Differential dynamic programming (DDP) is an optimal control algorithm of the trajectory optimization class. The algorithm was introduced in 1966 by Mayne and subsequently analysed in Jacobson and Mayne's eponymous book. The algorithm uses locally-quadratic models of the dynamics and cost functions, and displays quadratic convergence.
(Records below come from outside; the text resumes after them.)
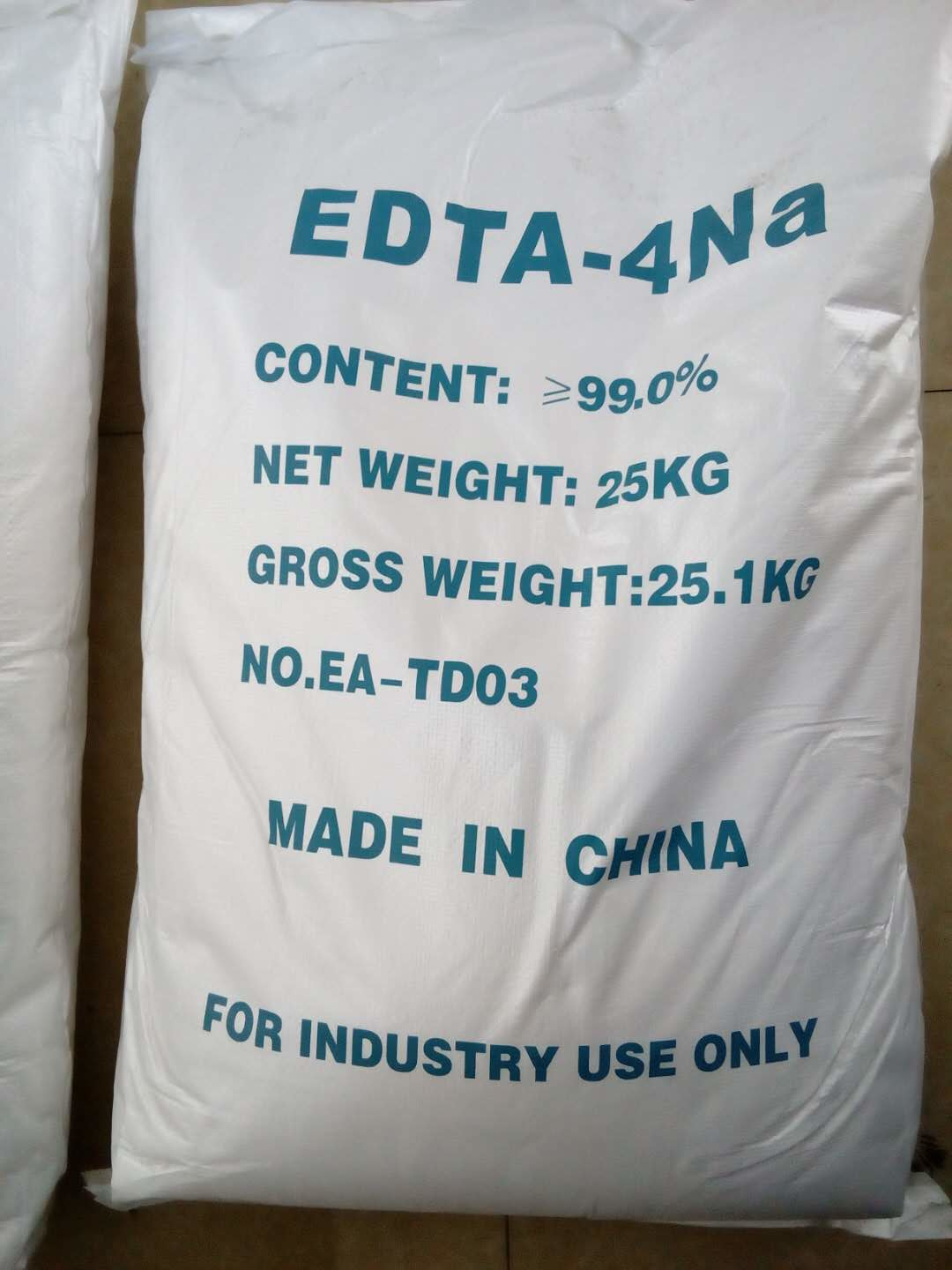 Tetrasodium Ethylenediaminetetraacetic Acid(EDTA 4Na)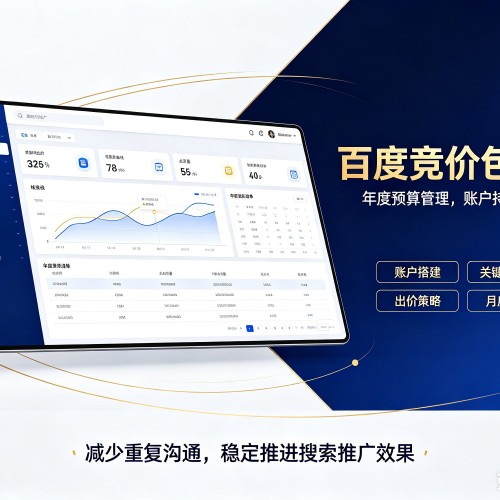 浦北百度竞价包年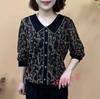 Striped Long-sleeved T-shirt Women's 2025 Shirt New Spring and Autumn Outerwear Top Middle-aged Inner Bottoming Shirt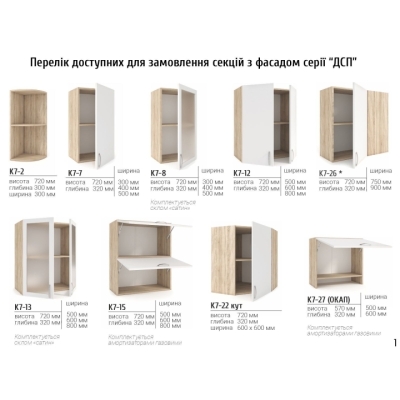 Діана 2.0 м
It is closely related to Pantoja's step-wise Newton's method.

The dynamics

${\displaystyle \mathbf {x} _{i+1}=\mathbf {f} (\mathbf {x} _{i},\mathbf {u} _{i})}$

1

describe the evolution of the state ${\displaystyle \textstyle \mathbf {x} }$given the control ${\displaystyle \mathbf {u} }$from time ${\displaystyle i}$to time ${\displaystyle i+1}$. The total cost ${\displaystyle J_{0}}$is the sum of running costs ${\displaystyle \textstyle \ell }$and final cost ${\displaystyle \ell _{f}}$, incurred when starting from state ${\displaystyle \mathbf {x} }$and applying the control sequence ${\displaystyle \mathbf {U} \equiv \{\mathbf {u} _{0},\mathbf {u} _{1}\dots ,\mathbf {u} _{N-1}\}}$until the horizon is reached:

${\displaystyle J_{0}(\mathbf {x} ,\mathbf {U} )=\sum _{i=0}^{N-1}\ell (\mathbf {x} _{i},\mathbf {u} _{i})+\ell _{f}(\mathbf {x} _{N}),}$

where ${\displaystyle \mathbf {x} _{0}\equiv \mathbf {x} }$, and the ${\displaystyle \mathbf {x} _{i}}$for ${\displaystyle i>0}$are given by Eq. 1. The solution of the optimal control problem is the minimizing control sequence ${\displaystyle \mathbf {U} ^{*}(\mathbf {x} )\equiv \operatorname {argmin} _{\mathbf {U} }J_{0}(\mathbf {x} ,\mathbf {U} ).}$Trajectory optimization means finding ${\displaystyle \mathbf {U} ^{*}(\mathbf {x} )}$for a particular ${\displaystyle \mathbf {x} _{0}}$, rather than for all possible initial states.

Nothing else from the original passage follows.